La majestuosidad de la Ciudad Prohibida y la Plaza Tiananmen contrastaban con los hutong, barrios tradicionales chinos que en aquella época rodeaban a gran parte del centro de la ciudad. Pude aventurarme por esos barrios tradicionales y más de alguna vez tener que usar sus servicios higiénicos públicos, inexistentes en las casas individuales. Ubicados en las esquinas de las manzanas, dispuestos de manera separada para hombres y mujeres, en su interior ninguna división, dejando el pudor occidental relegado a su mínima expresión. Descubrí que el gran pragmatismo chino los había diseñado con una peculiar característica, las excretas por la acción de la gravedad, caían a un contenedor de concreto del cual periódicamente eran succionadas por un camión cisterna, cuyo contenido era utilizado como fertilizantes en las zonas rurales.

Nuestra vida era sencilla, radicados en los departamentos occidentales, provistos por la Cancillería local, en edificios añosos pero cómodos. Mientras tanto el aprendizaje del idioma mejoraba y con ello la alegría de sentirse autónomo, libre para circular por la ciudad y sus maravillosos monumentos. Y llegó la oportunidad de hacer realidad mi promesa. Me habían asignado la responsabilidad de recibir a un novel colega que llegaba con su joven esposa a prestar funciones a la Embajada.

Llegué al vetusto aeropuerto en horas de la noche y al igual como habían hecho conmigo, le dije con similar hermetismo: – Antes de llevarles al alojamiento les quiero hacer un regalo.

Como mis conocimientos de la ciudad y su vericuetos ya eran amplios, decidí innovar para darle mayor espectacularidad al ingreso a la ciudad prohibida. Me dirigí por las estrechas calles de los hutong, que sin duda contrastarían con las imponentes puertas del principal monumento histórico de Beijing.
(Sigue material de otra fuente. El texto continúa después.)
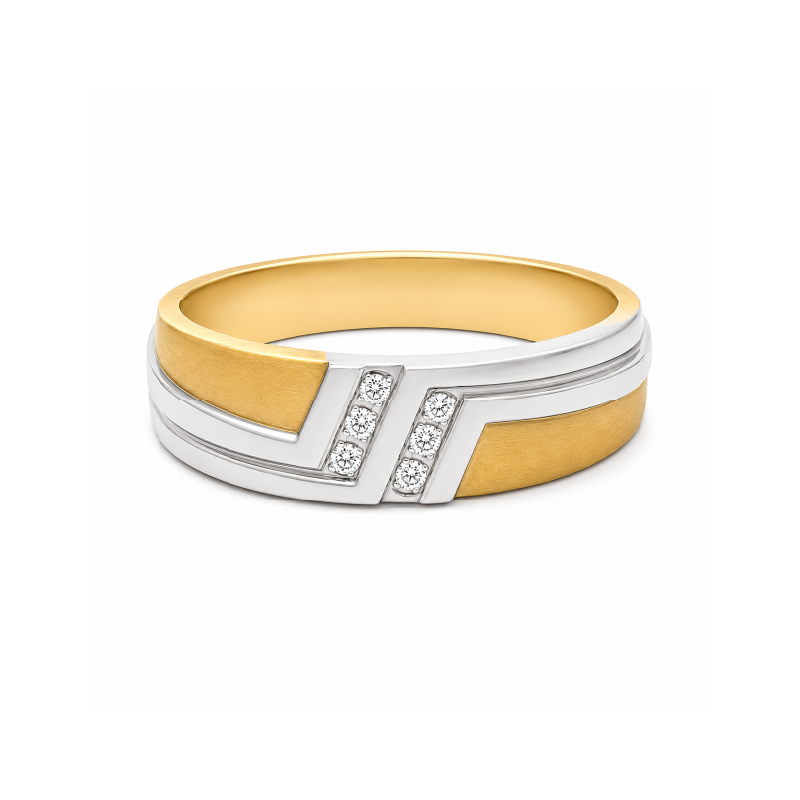 0.10 CT 10K Yellow Gold Men’s Diamond Band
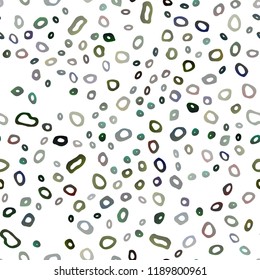 Dark Green vector seamless cover with circles. Glitter abstract illustration with blurred drops of rain. Pattern for trendy fabric, wallpapers.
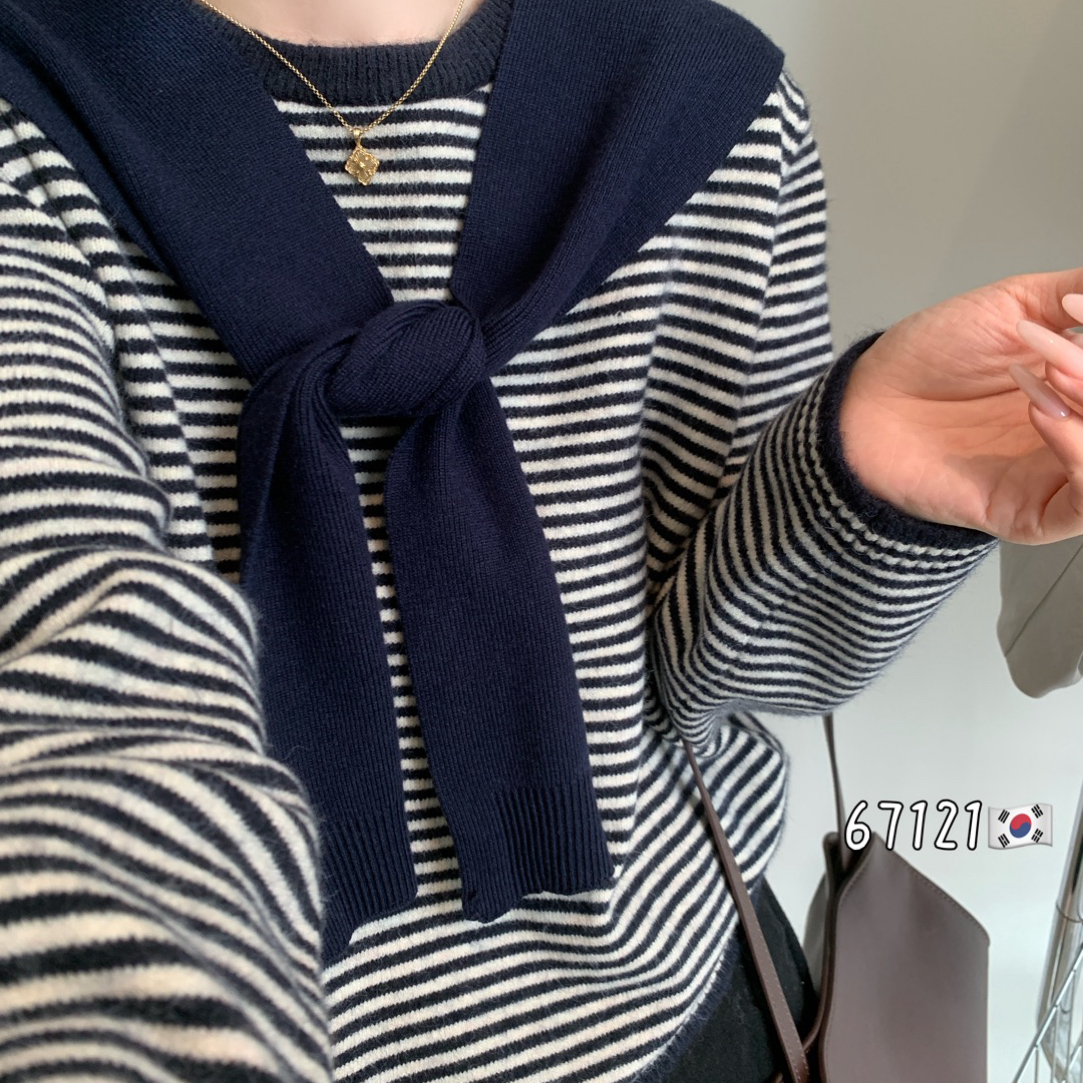 67121 韩系慵懒风条纹长袖针织文艺小披肩
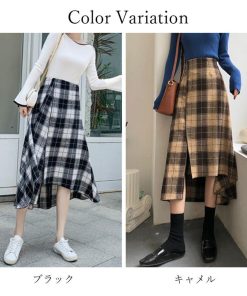 フレアスカート | チェック柄スカート韓国フレアスカート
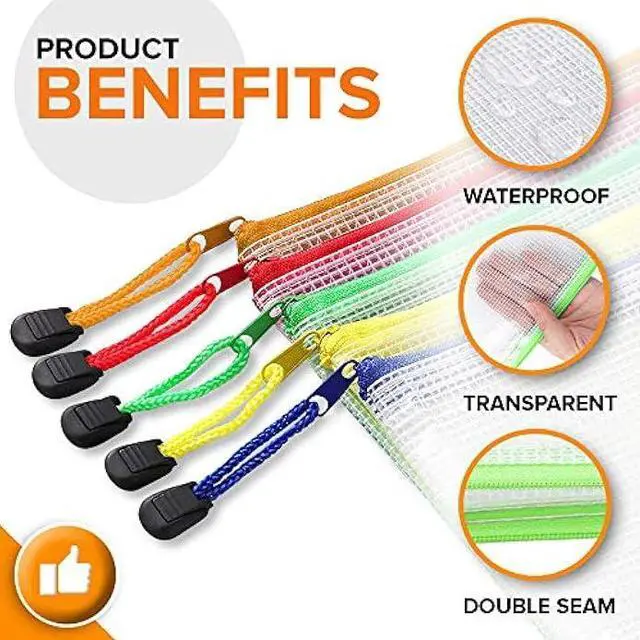 Alt view image 2 of 6 - JUZARI 5 Pack Mesh Bags with Zipper 10x14 Inch for Organizing & Storage - Plastic Pouches School Teachers Classroom Organization Pouch 10 X 14 Zippered Bag
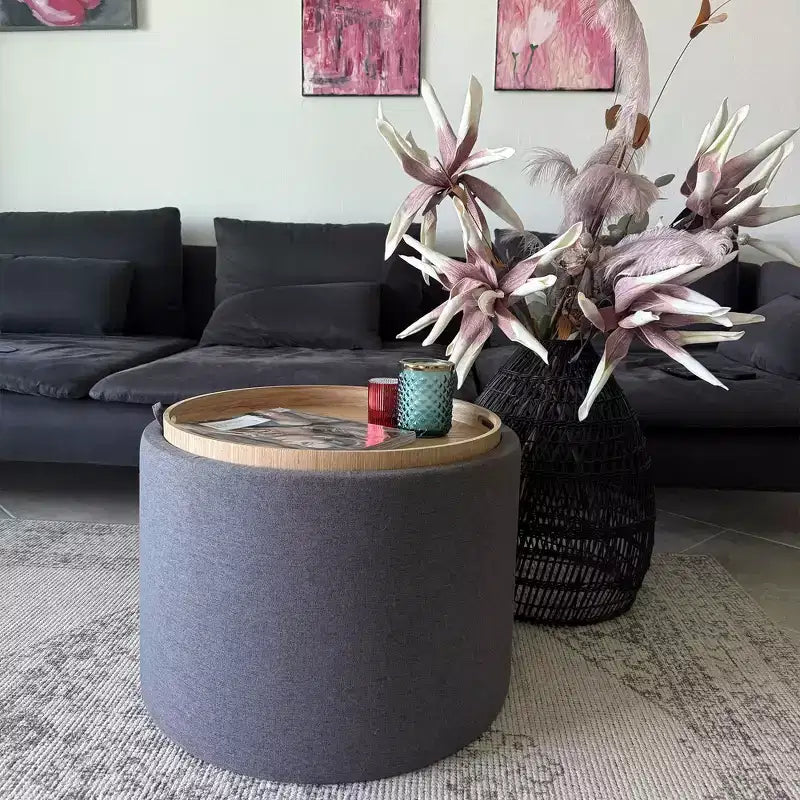 Pouf Contenitore Rotondo con Coperchio a Ribalta e Rivestimento Effetto Lino
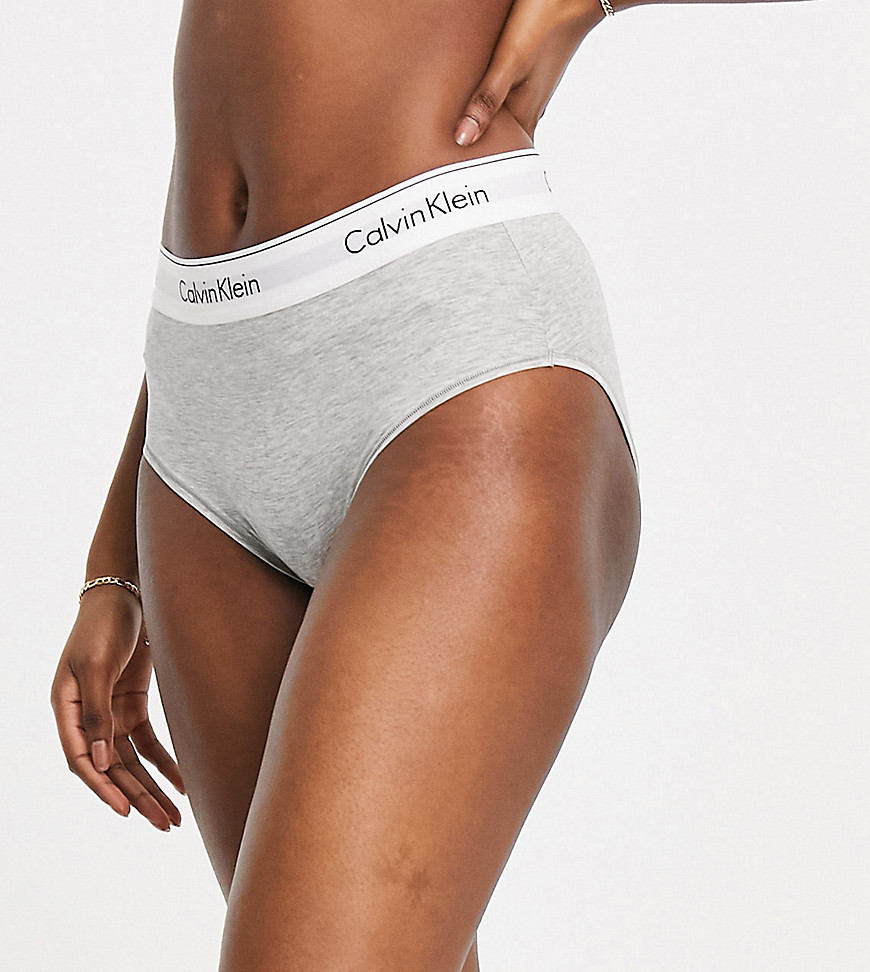 Calvin Klein Modern Cotton high waist brief in grey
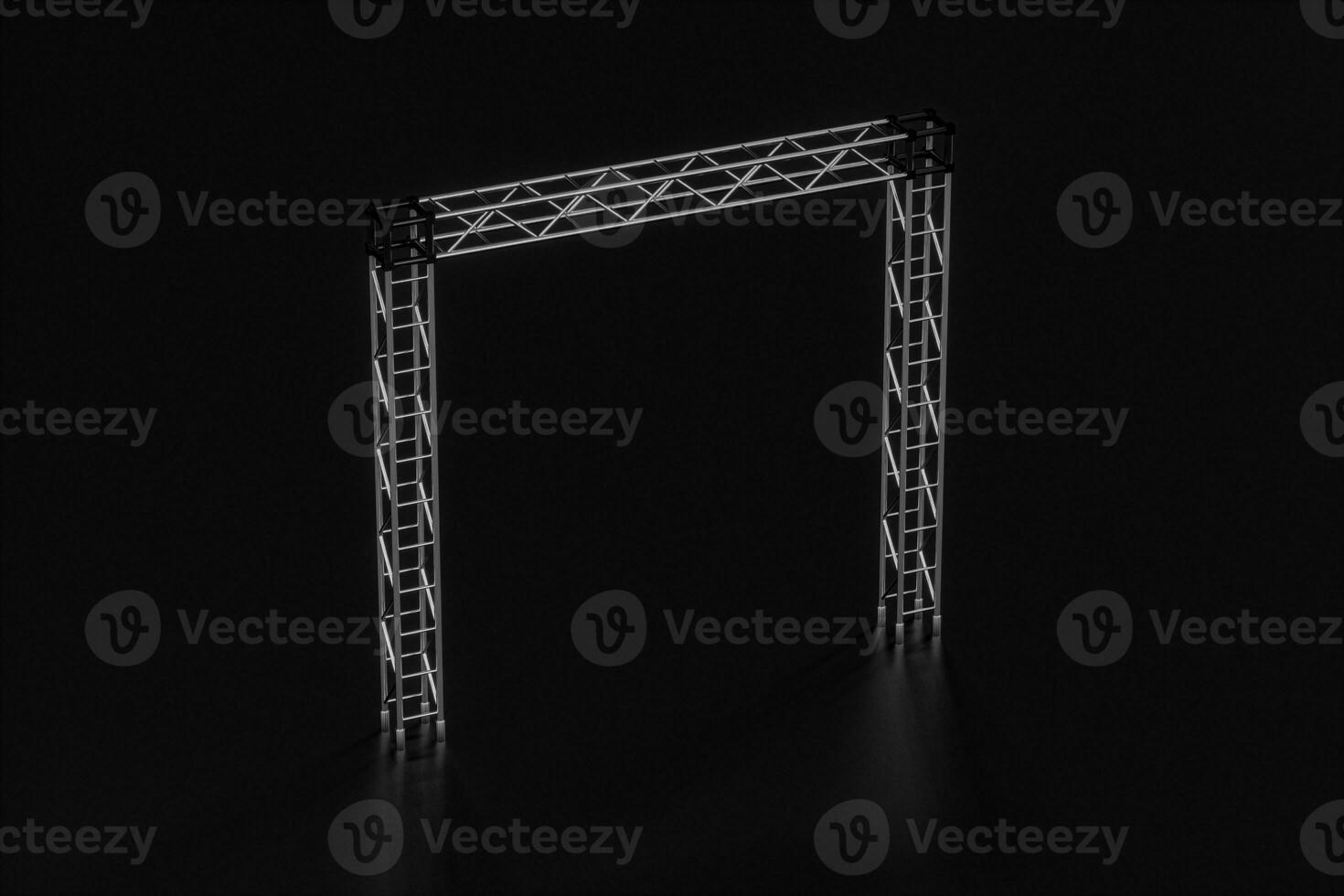 Steel reinforcement with dark background, 3d rendering. photo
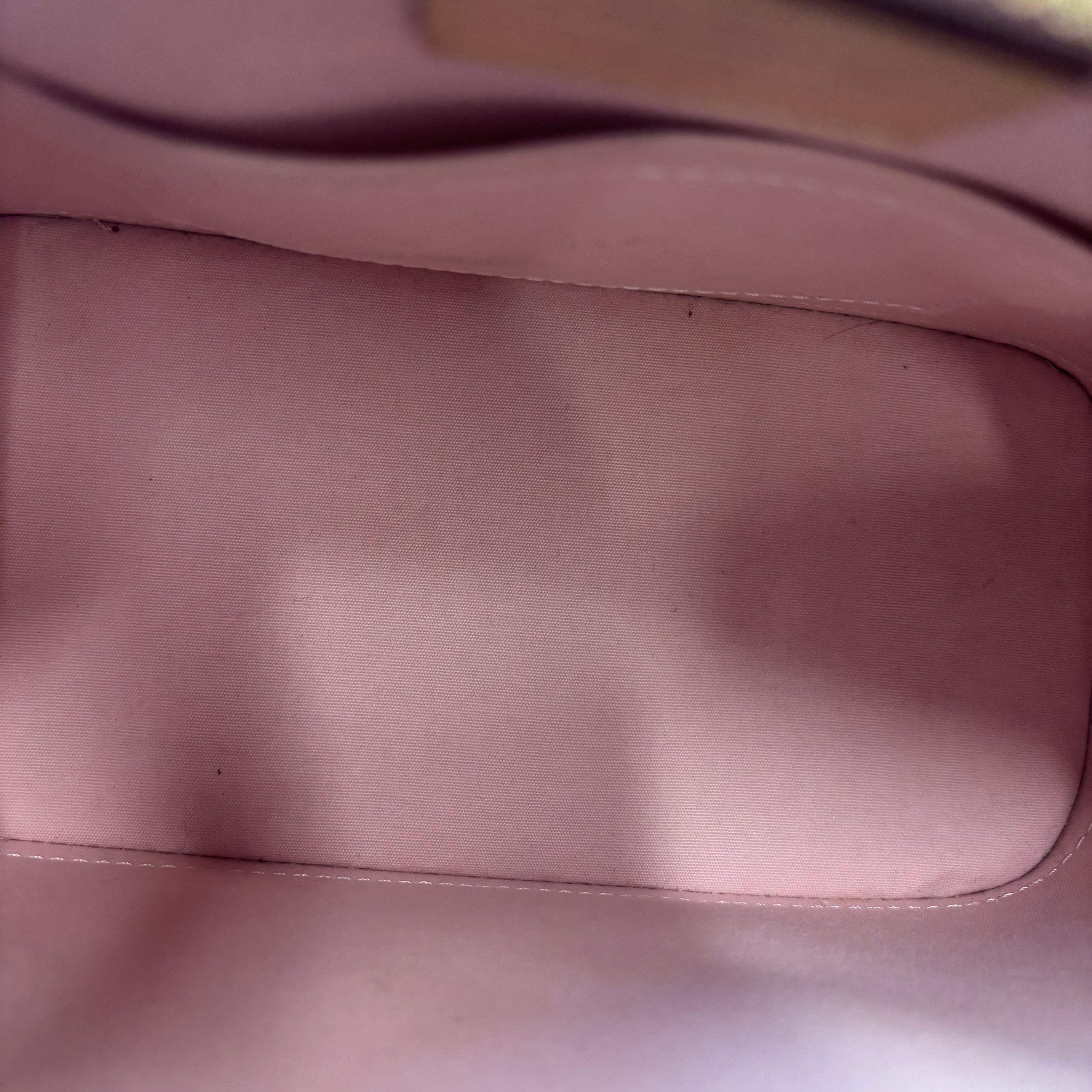 J3009 Louis Vuitton Top Handle Bag Alma BB Rose Ballerine Monogram Vernis | Pre-Owned Like New Pink Monogram Vernis Canvas, Leather, Patent leather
Mientras conversaba y sorteaba todo tipo de obstáculos, de improviso me encuentro con un camión cisterna, recolector de las excretas de los servicios higiénicos de los hutong. El pragmatismo chino me cerraba el paso, mientras una nube pestilente lentamente se filtraba por cada vericueto de mi vehículo. Mis argumentos no eran suficientes para explicar durante veinte interminables minutos las “particularidades de los servicios higiénicos chinos”, mientras hacía esfuerzos infructuosos por retroceder el vehiculo que se encontraba encerrado por otros. Con mi mejor ánimo intentaba una docta charla sobre la importancia del conocimiento chino en la evolución de la humanidad, mientras nuestra vista no se despegaba del visor posterior del camión, que como un cíclope subía una sustancia marrón. La magnificencia del acceso a la Ciudad Prohibida, no pudo igualar el impacto producido años antes en mi arribo a Beijing. El destino había torcido mis mejores planes de sorprender a mis nuevos colegas, teniendo como resultado una bochornosa e imborrable experiencia.